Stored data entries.
──────────
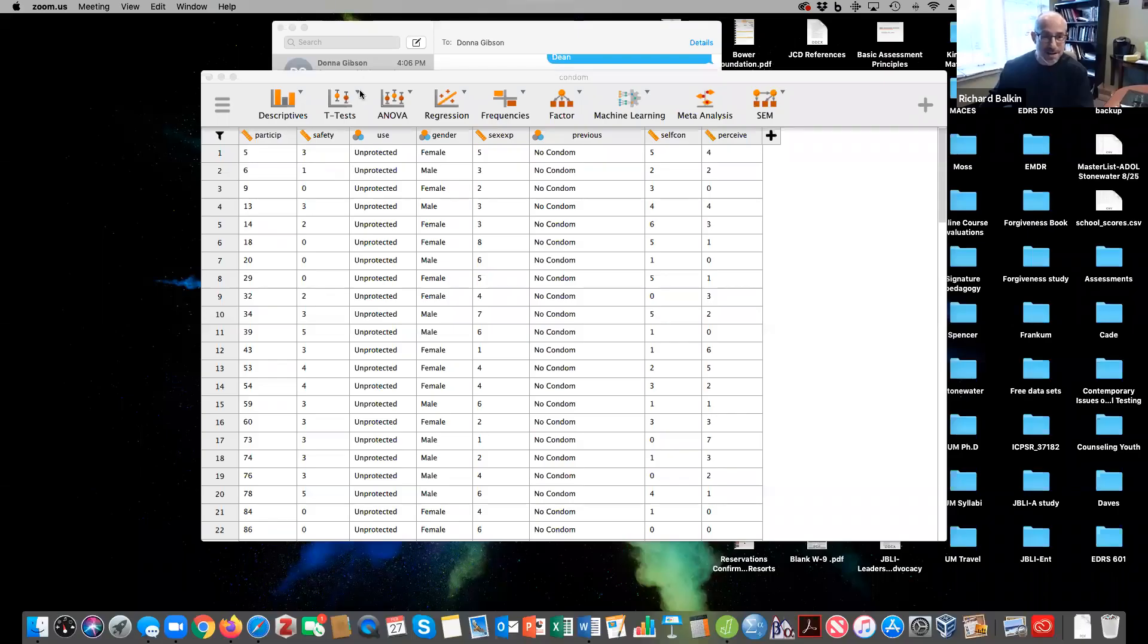Hey everyone, we're going to go over a logistic regression using JASP. So I'm going to share my screen with you and let's give this a shot.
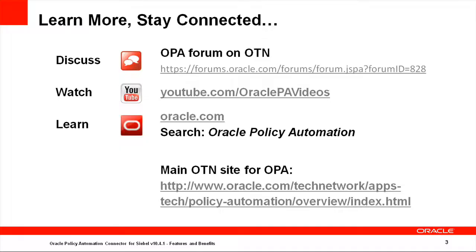Thank you for viewing this segment of the Oracle Policy Automation series. To learn more and stay connected with the OPA community, discuss OPA on the Oracle Policy Automation forums, watch more videos on the Oracle Policy Automation YouTube channel, learn more from oracle.com or find courses on education.oracle.com, and research OPA on the Oracle Technology Network. We'll see you next time.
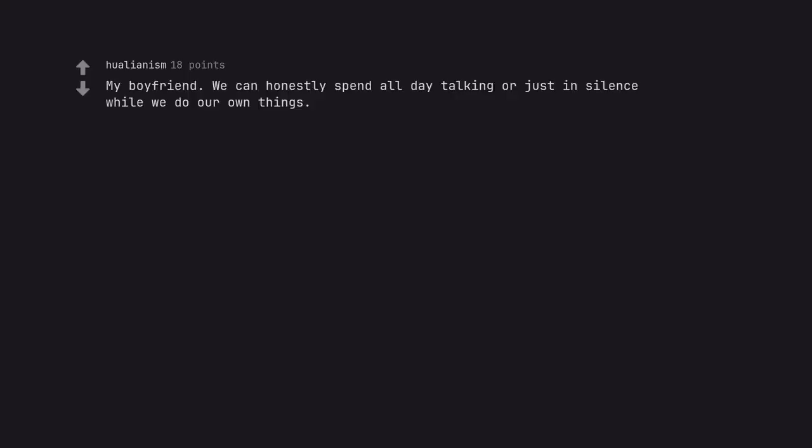My boyfriend. We can honestly spend all day talking or just in silence while we do our own things. Sounds like the perfect vacation for us.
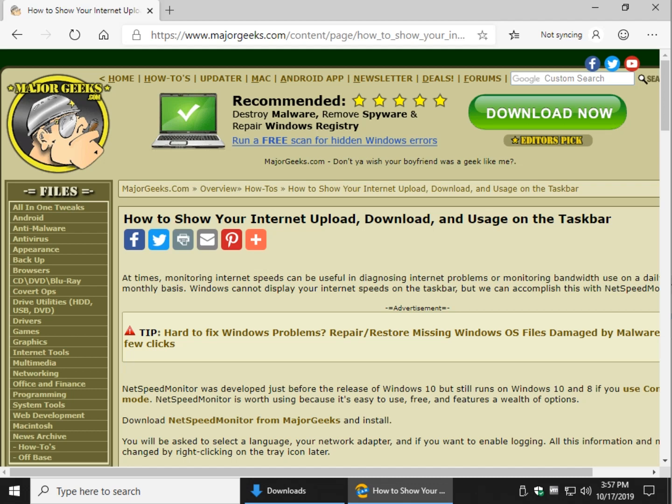Hey Geeks, Tim Tibbetts with MajorGeeks.com. Today we're going to show you a way to put your internet usage, upload, download on the taskbar.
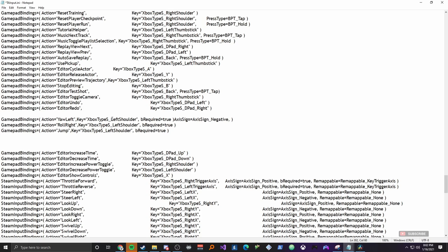I said it had the B there and it's going to have the B here as well. Then I'm changing it to the left shoulder. So you'll have three lines that have left shoulder somewhat kind of close together. And that's because you're binding jump, roll right, and yaw left. You're binding all of that to the same exact button, which is whichever button you pick.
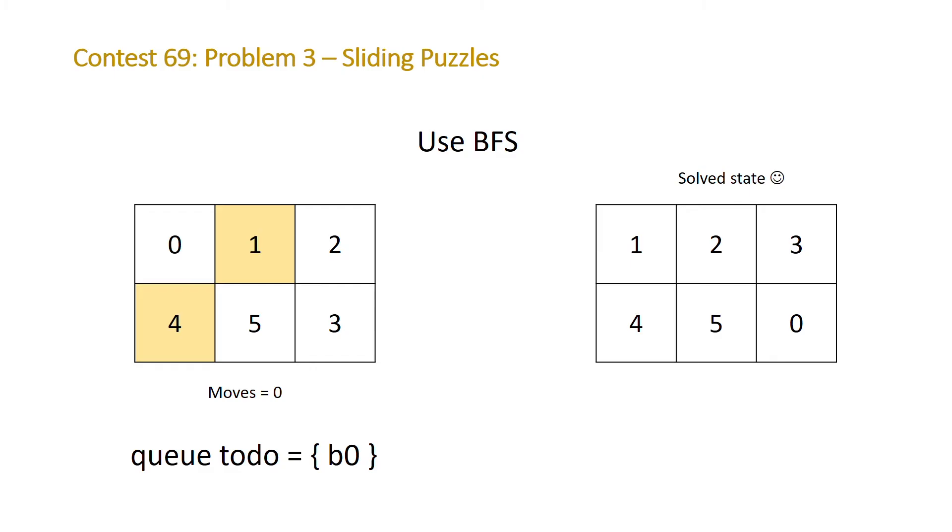So after checking that our initial board isn't actually the solved state we're going to push the next two boards onto our queue and then we're going to pop off the board zero that we already checked and we're going to put that in an unordered set so that we make sure that we're not checking duplicate boards. If we don't do that our algorithm will timeout.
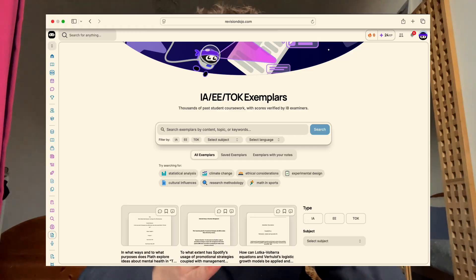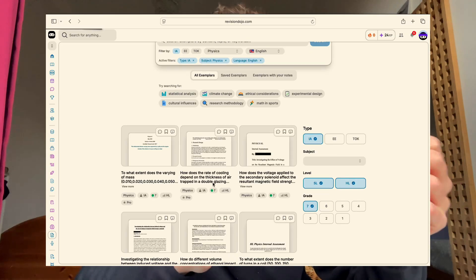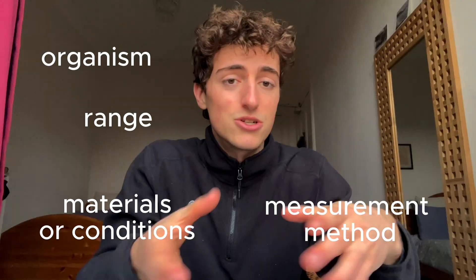First: choosing a topic. Students lose weeks trying to invent something unique. Here's the truth — you don't need original, you need doable. Want the fastest shortcut? Go to the Revision Dojo IA bank, filter for your subject, filter for the ones that got a 7, and find a topic structure you like. Then change one variable so it fits your resources and interests — change the organism, the range, the measurement method, or the material. You've suddenly got a proven high-scoring topic with your personal twist. This is exactly what top students do.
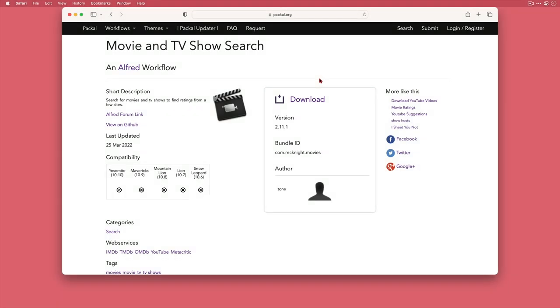Hey everyone, it's Lee at MyProductiveMac here with a quick video on how I use Alfred to get information on the movies and TV series I'm either watching or that come to mind when I'm on my Mac and want to find out a little bit more about them.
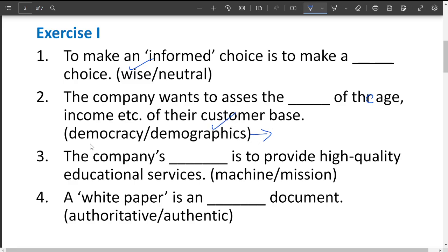The company's blank is to provide high quality educational services. The options are 'machine' and 'mission.' Mission (M-I-S-S-I-O-N) means goal, while machine (M-A-C-H-I-N-E) is a tool used to produce something in industrial companies. Since we are referring to educational services and not something mechanical, the correct answer is mission — that means the company's goal.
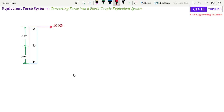Welcome to Statics Lectures by Civil Thinking. Today we are going to see another concept in equivalent force systems. Today's topic is converting a force into a force-couple equivalent system. Before I move on, I suggest you watch the video lectures in sequence, as in the playlist. The playlist link is in the description or you can click on the pop-up on your screen. Now coming to today's topic.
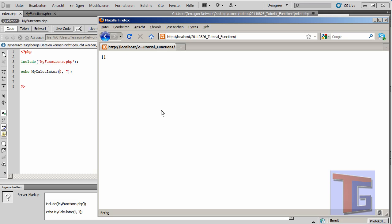When we reload our document you will see, okay, 11. Seven plus four is 11.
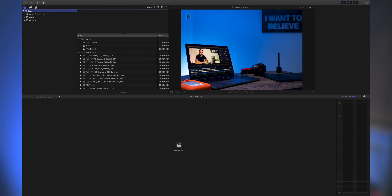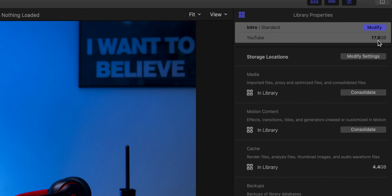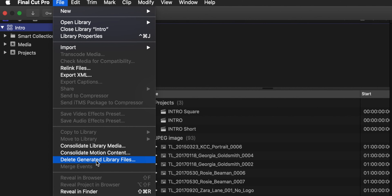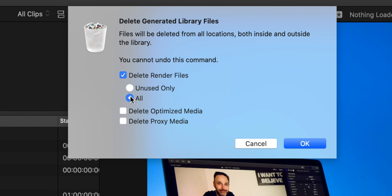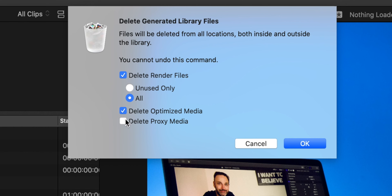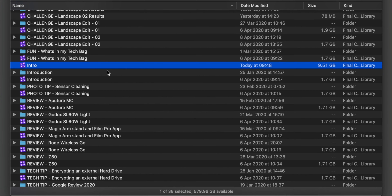We're in here at the moment, we can see 17.9 gig there. We're going to go down to here — File, Delete, Generated Files, Delete. I'm going to do all, not just unused, because as you change your project and certain bits don't get used, it doesn't delete that render stuff, it just leaves it there. So you could have unused stuff. We're going to do all, delete optimized and proxy media because I don't need those anymore. We're going to click OK and it's going to go away in the background and start to delete everything. If we go across the files, we have gone down to 9.51 gig.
──────────
About this exercise. Give again, please, precisely the lines that begin the records and run through the line with "So after checking" in it, keeping both end lines and dropping any pictures.

Task result.
Hey everyone, we're going to go over a logistic regression using JASP. So I'm going to share my screen with you and let's give this a shot.
Thank you for viewing this segment of the Oracle Policy Automation series. To learn more and stay connected with the OPA community, discuss OPA on the Oracle Policy Automation forums, watch more videos on the Oracle Policy Automation YouTube channel, learn more from oracle.com or find courses on education.oracle.com, and research OPA on the Oracle Technology Network. We'll see you next time.
My boyfriend. We can honestly spend all day talking or just in silence while we do our own things. Sounds like the perfect vacation for us.
Hey Geeks, Tim Tibbetts with MajorGeeks.com. Today we're going to show you a way to put your internet usage, upload, download on the taskbar.
I said it had the B there and it's going to have the B here as well. Then I'm changing it to the left shoulder. So you'll have three lines that have left shoulder somewhat kind of close together. And that's because you're binding jump, roll right, and yaw left. You're binding all of that to the same exact button, which is whichever button you pick.
So after checking that our initial board isn't actually the solved state we're going to push the next two boards onto our queue and then we're going to pop off the board zero that we already checked and we're going to put that in an unordered set so that we make sure that we're not checking duplicate boards. If we don't do that our algorithm will timeout.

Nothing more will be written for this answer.